Transparency helps as well. When employees disclose that work is AI-assisted, recipients can calibrate their expectations and fill in gaps more effectively. The burden-shifting dynamic that characterizes workslop often stems from opacity about how content was produced.

The Path Forward

The evidence does not support abandoning AI investments. It does, however, demand a more sophisticated approach than most organizations have adopted.

AI's productivity dividend is real in specific contexts, for specific users, and under specific workflow designs. It is not universal, automatic, or guaranteed.
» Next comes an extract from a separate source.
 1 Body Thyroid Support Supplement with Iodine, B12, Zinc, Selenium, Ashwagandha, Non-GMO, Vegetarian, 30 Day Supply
The myth of blanket productivity enhancement has given way to a more granular reality in which success depends on thoughtful deployment rather than enthusiastic adoption.

Organizations that treat AI implementation with the same analytical rigor they apply to capital budgeting or safety engineering will outperform those chasing headline gains. This means measuring both leading indicators like time saved and lagging indicators like total factor productivity and quality metrics. It means differentiating deployment strategies by task type and user skill level. And it means fixing the underlying process fragmentation that prevents AI from delivering on its potential.

The question of whether AI is making workers more productive does not have a single answer. For some workers, in some roles, with some tools, under some conditions, the answer is clearly yes. For the majority of organizations investing heavily in the technology, the honest answer remains -- not yet.